Posted to dev@bigtop.apache.org by Roman Shaposhnik <rv...@apache.org> on 2013/09/25 00:54:15 UTC

Shipping Groovy in Bigtop

Hi!

for the work on BIGTOP-952 I've got
a Groovy script that does the job.
Question is -- what to do about Groovy
itself. I see two choices:
   1. make Groovy jars available as part
    of bigtop-utils

    2. introduce a full fledged bigtop-groovy

Thoughts?

Thanks,
Roman.

Re: Shipping Groovy in Bigtop

Posted by Roman Shaposhnik <rv...@apache.org>.
On Wed, Sep 25, 2013 at 7:37 AM, Mark Grover <ma...@apache.org> wrote:
> While I don't have a strong opposition to the 2 options, aren't there 2
> more options here:
> 3. We detect GROOVY_HOME and let our users download and install groovy
> themselves? We do this for Java (albeit, for licensing reasons), however,
> pulling in our own groovy just for init-hdfs.sh seems like an overkill.
> 4. Wrap the groovy script into a jar and run that jar on java instead.
>
> Since init-hdfs.sh is the first groovy script in Bigtop packages, I am
> inclined towards #4. If we do end up writing more and more groovy scripts,
> then we start bundling in our own groovy.

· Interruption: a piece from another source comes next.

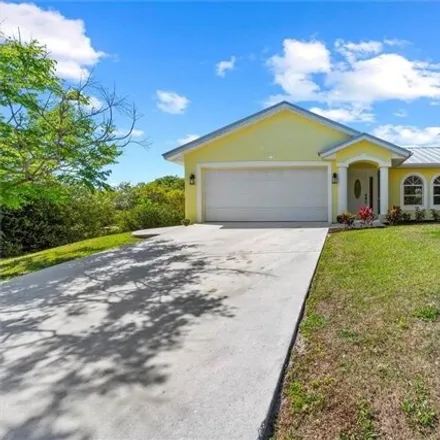 Buy this 3 bed house on 724 Northeast 10th Avenue in Jensen Beach, FL 34957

As I replied in a different part of this thread -- in this particular case
I don't actually mind simply delivering it as a java-based implementation.

That said, I think there's a great deal of benefits for scripts like this
one to be implemented in a scripting language that Bigtop users
can actually look at right there on the system and potentially extend
to suit their particular needs by simply editing the script itself.

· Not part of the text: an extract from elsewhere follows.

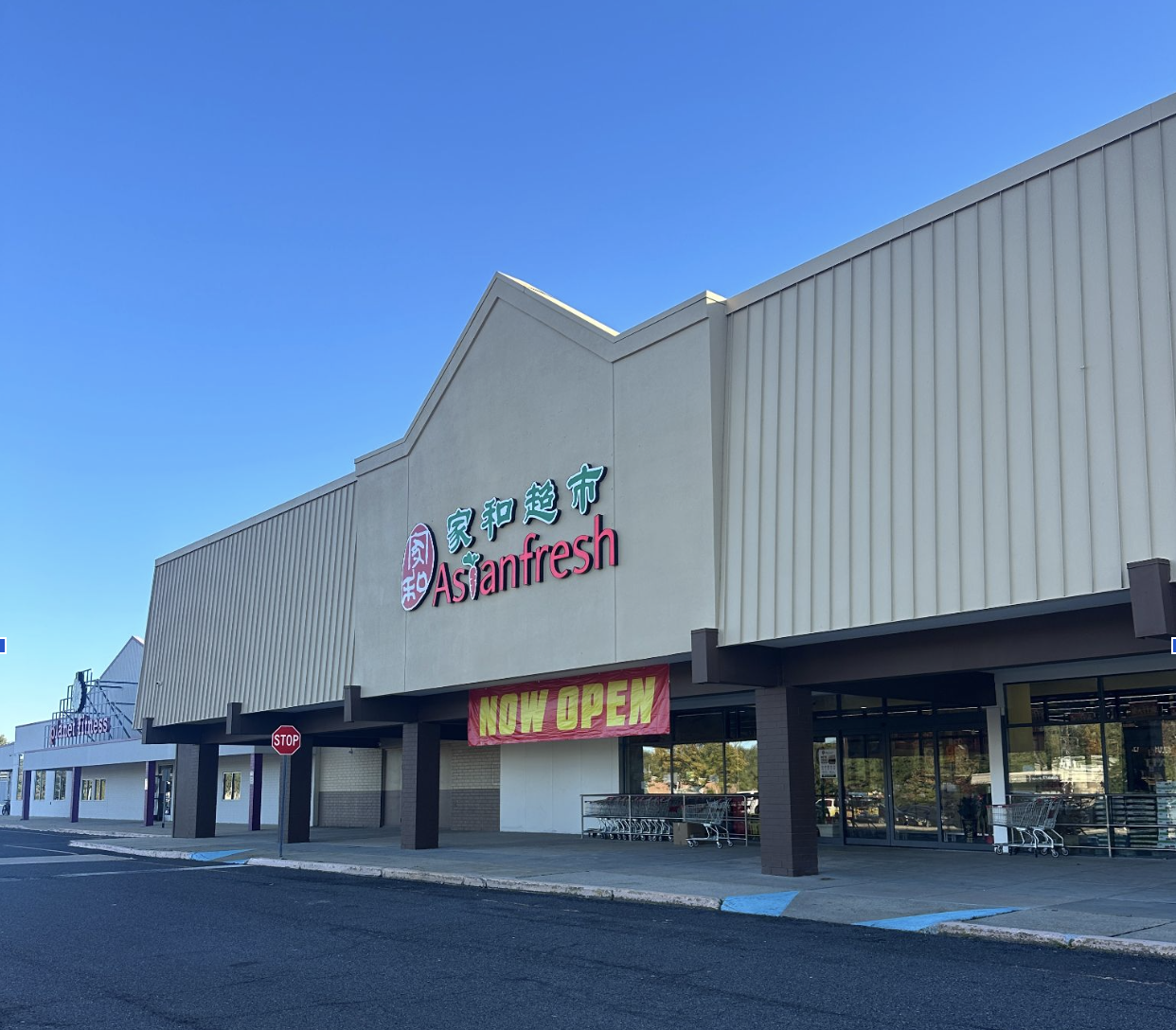 Exterior of a large retail grocery store with English and Chinese signage and a pink Now Open banner.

Given that Hadoop is a JVM-based platform -- we're stuck with
JVM-based scripting languages if we want to be anywhere near
reasonable in terms of overall performance.

I filed:
    https://issues.apache.org/jira/browse/BIGTOP-1097

Thanks,
Roman.

Re: Shipping Groovy in Bigtop

Posted by Sean Mackrory <ma...@gmail.com>.
I would vote for #4 or #3, but I don't feel strongly enough to oppose other
options if someone's willing to do the work.

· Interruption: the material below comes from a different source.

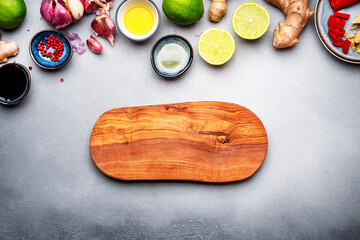 Food and cooking background with fresh raw vegetables. Wooden cutting board, paprika, zucchini, spices and ingredients for cooking Asian dishes with ginger, garlic, soy sauce and lime, top view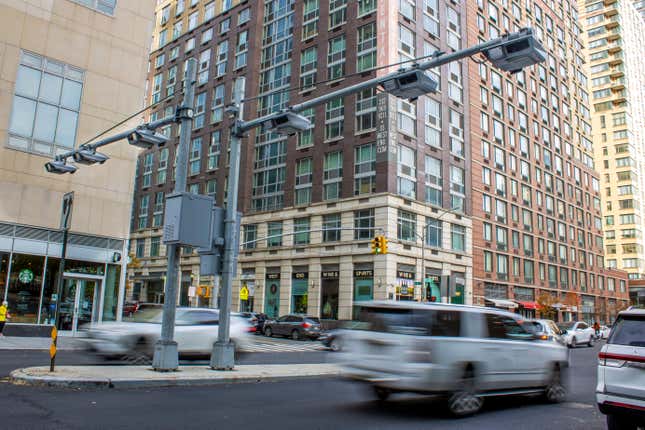 FILE - Recently installed toll traffic cameras hang above West End Ave. near 61st Street in the Manhattan borough of New York, Friday, Nov. 16, 2023. The start date for the $15 toll most drivers will be charged to enter Manhattan&#39;s central business district will be June 30, transit officials said Friday, April 26, 2024. (AP Photo/Ted Shaffrey, File)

On Wed, Sep 25, 2013 at 7:37 AM, Mark Grover <ma...@apache.org> wrote:

> While I don't have a strong opposition to the 2 options, aren't there 2
> more options here:
> 3. We detect GROOVY_HOME and let our users download and install groovy
> themselves? We do this for Java (albeit, for licensing reasons), however,
> pulling in our own groovy just for init-hdfs.sh seems like an overkill.
> 4. Wrap the groovy script into a jar and run that jar on java instead.
>
> Since init-hdfs.sh is the first groovy script in Bigtop packages, I am
> inclined towards #4. If we do end up writing more and more groovy scripts,
> then we start bundling in our own groovy.
>
>
> On Wed, Sep 25, 2013 at 12:54 AM, Bruno Mahé <bm...@apache.org> wrote:
>
> > On 09/24/2013 03:54 PM, Roman Shaposhnik wrote:
> >
> >> Hi!
> >>
> >> for the work on BIGTOP-952 I've got
> >> a Groovy script that does the job.
> >> Question is -- what to do about Groovy
> >> itself. I see two choices:
> >>     1. make Groovy jars available as part
> >>      of bigtop-utils
> >>
> >>      2. introduce a full fledged bigtop-groovy
> >>
> >> Thoughts?
> >>
> >> Thanks,
> >> Roman.
> >>
> >>
> > I vote for 2.
> > So if any other package needs groovy, we will have that handy.
> > Also it would make it easier to just upgrade groovy without updating any
> > other part of bigtop-utils.
> >
> > Thanks,
> > Bruno
> >
>

Re: Shipping Groovy in Bigtop

Posted by Mark Grover <ma...@apache.org>.
While I don't have a strong opposition to the 2 options, aren't there 2
more options here:
3. We detect GROOVY_HOME and let our users download and install groovy
themselves? We do this for Java (albeit, for licensing reasons), however,
pulling in our own groovy just for init-hdfs.sh seems like an overkill.
4. Wrap the groovy script into a jar and run that jar on java instead.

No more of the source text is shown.